ViPS: Video-informed Pose Spaces for Auto-Rigged Meshes

Kinematic rigs provide a structured interface for articulating 3D meshes, but they lack an inherent representation of the plausible manifold of joint configurations for a given asset. Without such a pose space, stochastic sampling or manual manipulation of raw rig parameters often leads to semantic or geometric violations, such as anatomical hyperextension and non-physical self-intersections. We propose Video-informed Pose Spaces (ViPS), a feed-forward framework that discovers the latent distribution of valid articulations for auto-rigged meshes by distilling motion priors from a pretrained video diffusion model. Unlike existing methods that rely on scarce artist-authored 4D datasets, ViPS transfers generative video priors into a universal distribution over a given rig parameterization. Differentiable geometric validators applied to the skinned mesh enforce asset-specific validity without requiring manual regularizers. Our model learns a smooth, compact, and controllable pose space that supports diverse sampling, manifold projection for inverse kinematics, and temporally coherent trajectories for keyframing. Furthermore, the distilled 3D pose samples serve as precise semantic proxies for guiding video diffusion, effectively closing the loop between generative 2D priors and structured 3D kinematic control. Our evaluations show that ViPS, trained solely on video priors, matches the performance of state-of-the-art methods trained on synthetic artist-created 4D data in both plausibility and diversity. Most importantly, as a universal model, ViPS demonstrates robust zero-shot generalization to out-of-distribution species and unseen skeletal topologies.

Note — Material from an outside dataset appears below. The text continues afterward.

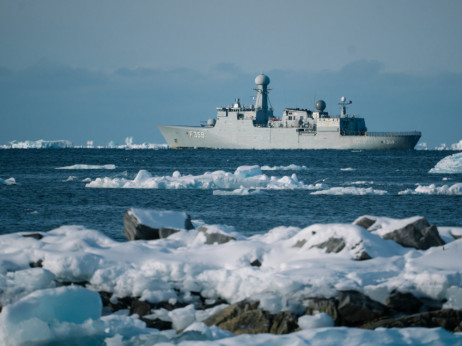 Trump: Oblikovan okvir prihodnjega dogovora v zvezi z Grenlandijo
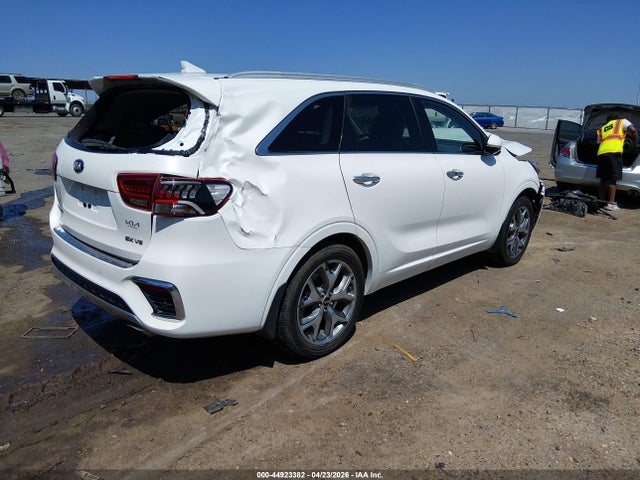 Kia Sorento 3.3l Sx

翻译：运动学骨架为三维网格的关节化提供结构化接口，但缺乏对给定资产生效关节构型流形的固有表示。缺失此类姿态空间时，原始骨架参数的随机采样或手动操控常导致语义或几何违规，如解剖学上的过度伸展及非物理自交。我们提出视频信息驱动姿态空间（ViPS），一种通过蒸馏预训练视频扩散模型中的运动先验，为自动蒙皮网格发现有效关节构型隐式分布的前馈框架。与依赖稀缺艺术家创作的四维数据集不同，ViPS将生成式视频先验转化为给定骨架参数化上的通用分布。应用于蒙皮网格的可微几何验证器无需人工正则项即可强制执行资产特异性有效性。本模型学习到平滑、紧凑且可控的姿态空间，支持多样化采样、逆运动学的流形投影及关键帧的时间连贯轨迹。此外，蒸馏出的三维姿态样本可作为精确语义代理以引导视频扩散，有效闭环生成式二维先验与结构化三维运动控制。实验表明，仅基于视频先验训练的ViPS在合理性与多样性上均达到基于合成艺术家创作四维数据的最先进方法水平。最重要的是，作为通用模型，ViPS展现出对分布外物种及未见骨架拓扑的鲁棒零样本泛化能力。